The 5 Worst Mistakes People Make During Divorce

Going through a divorce is an overwhelming experience. If you are going through divorce or have gone through it, I am sure you will agree that the initial sensation is of being flooded by emotions, things to handle and tough, very tough decisions to make. Here are five very big mistakes, often made by anyone going through separation or divorce, and some tips that can spare you some bad decisions and keep you on the right track:

Making Decisions Without Fully Understanding the Implications:
Read as much as you can, go to free (or paid) consultations with various professionals (mediators, attorneys, divorce coaches and more). The more information you have regarding your rights and options, the better decisions you will be able to make. Yes, the easiest thing to do is let someone else handle it for you and make decisions for you. It is easy to take advice from a friend of a friend who just went through divorce, but you want to be fully aware of your options — you want to fully understand the implications of every step. If you do not fully understand and fully control every step you make along the way, you, and you only, will have to live with the real-life consequences. Be as informed as you possibly can.

Losing Control of Your Divorce:
Do not let your attorney act on your behalf without fully informing you. I have heard too many times from clients that their lawyers were making decisions for them without consulting them or, even worse, against what they have requested. Not everyone does, but some do. You need to stay in control of what is going on. You are the client and this is your life we are talking about. If this divorce spirals out of control, who will pay the price? You.

Acting Out of Anger:
Court battles will not teach your soon-to-be ex a lesson. Trust me. And if you go that route, it will teach both of you a lesson: nobody goes dancing out of court. I am not talking about extreme cases, where parents are denied of their rights, child support is not paid or a child’s welfare is at stake. I am talking about the average, not-getting-along, angry-with-each-other, someone-cheated-on-someone, it-didn’t-work-out-at-all kind of couple. Make the right choice — stay away from unnecessary drama and stick to the facts: what can and cannot be done, what are your legal rights, how do you handle this sensibly and spare your kids, your job, your sanity. Feeling angry? While you may have excellent reasons, don’t take that to court. Take that to a great therapist.

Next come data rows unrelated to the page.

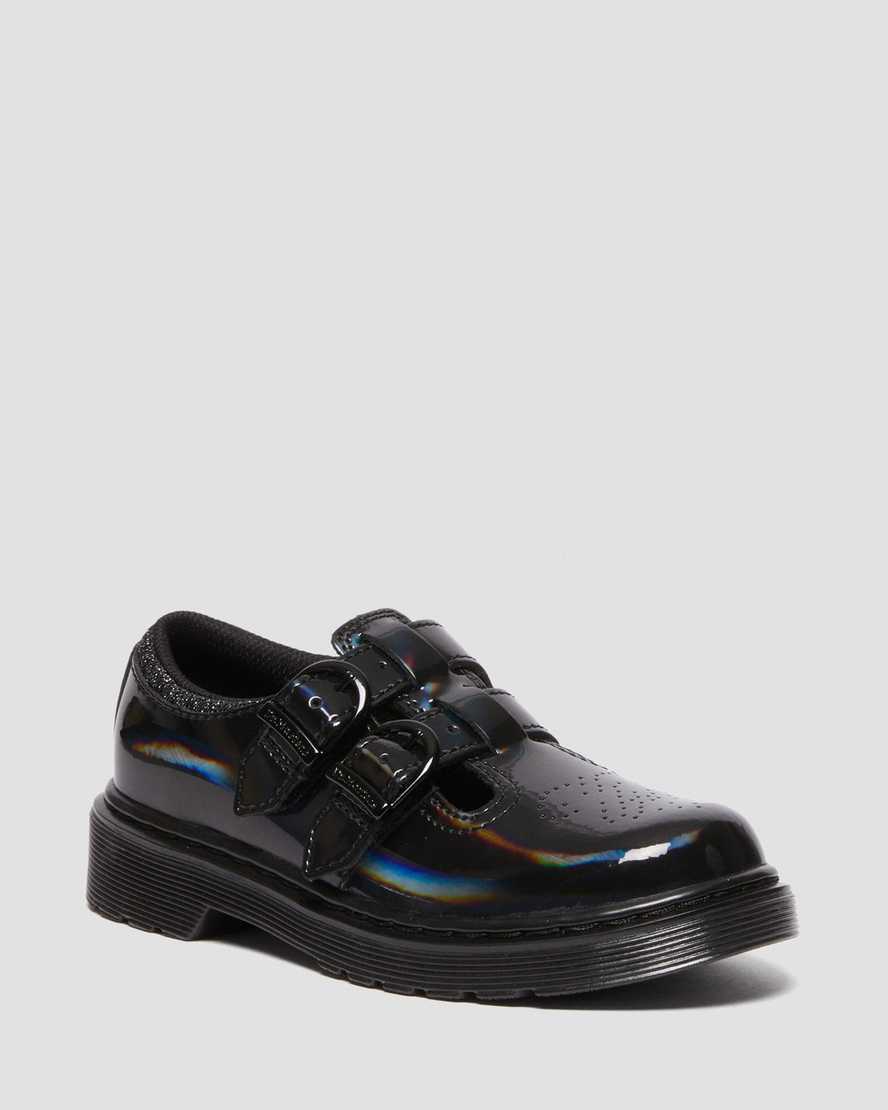 Dr. Martens' Junior 8065 Rainbow Patent Leather Mary Jane Shoes In Black,multi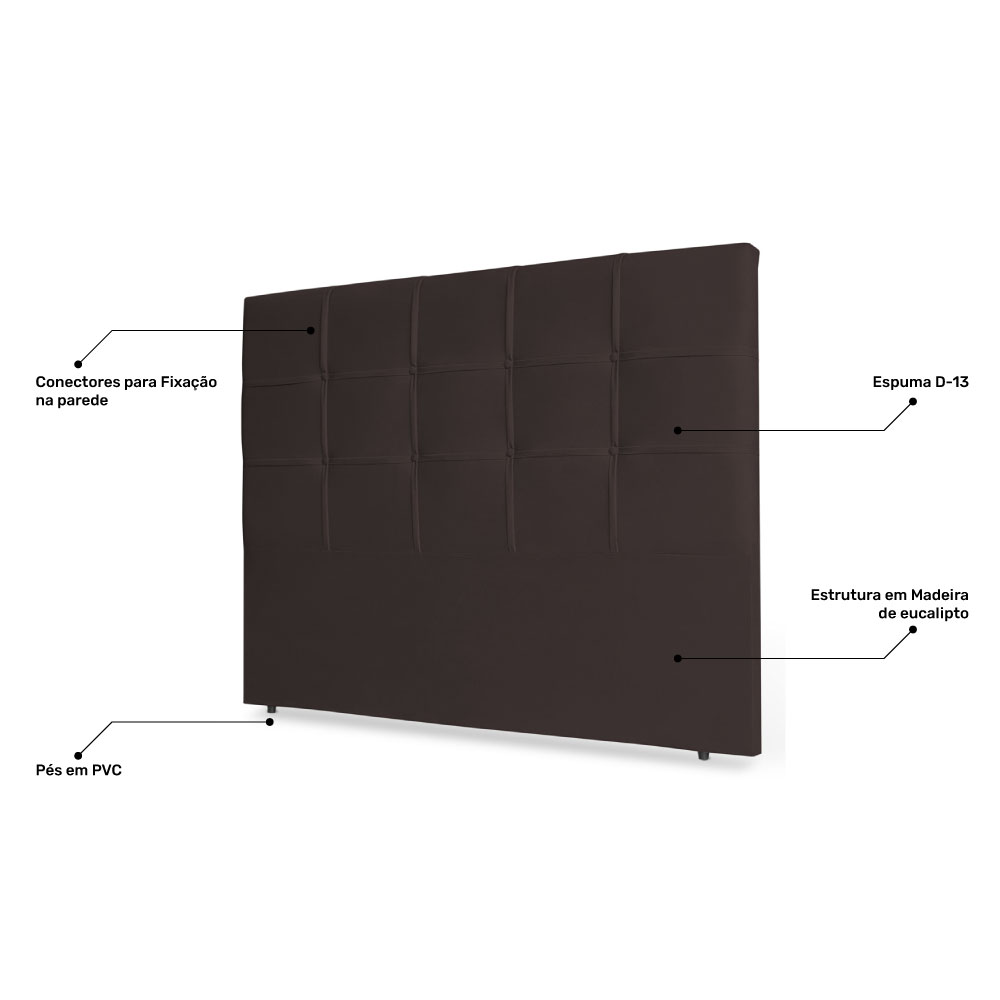 Cabeceira Estofada Cama Box Casal Queen Size Fiorella 160cm Corino Marrom Cacau - Desk Design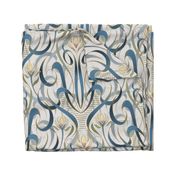 Art Nouveau French Waltz | Parchment + French Blue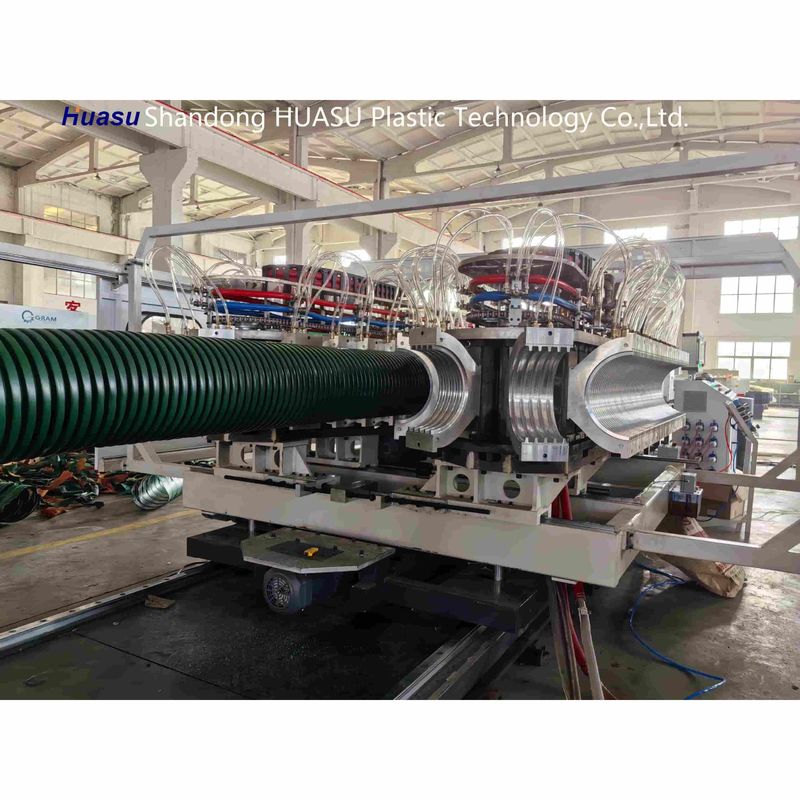 32-1600mm 파이프 범위, 500-2000Kg/H 출력 및 Siemens PLC 시스템을 갖춘 이중벽 골판지 파이프 압출 라인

Settling for Less Than You Need or Deserve:
While settling is settling, you do not want to underestimate your expenses and what you need in order to be comfortable within your means. If you are the payer, you do not want to commit to more than you can afford. Be fair to yourself and to your soon-to-be ex. Everybody needs to live, your kids need to have a decent life and you need to make a diligent plan for your projected overhead when you lead separate lives. Never settle too low, and never commit too high.

And last but not least: Do not lose yourself.
Do not lose your head. Breath, think, research, plan, hire professionals, work smart and work with a budget. You can make good decisions, no matter how bad things may seem right now. While you may feel flooded, a lot of good decisions are in your hands to make.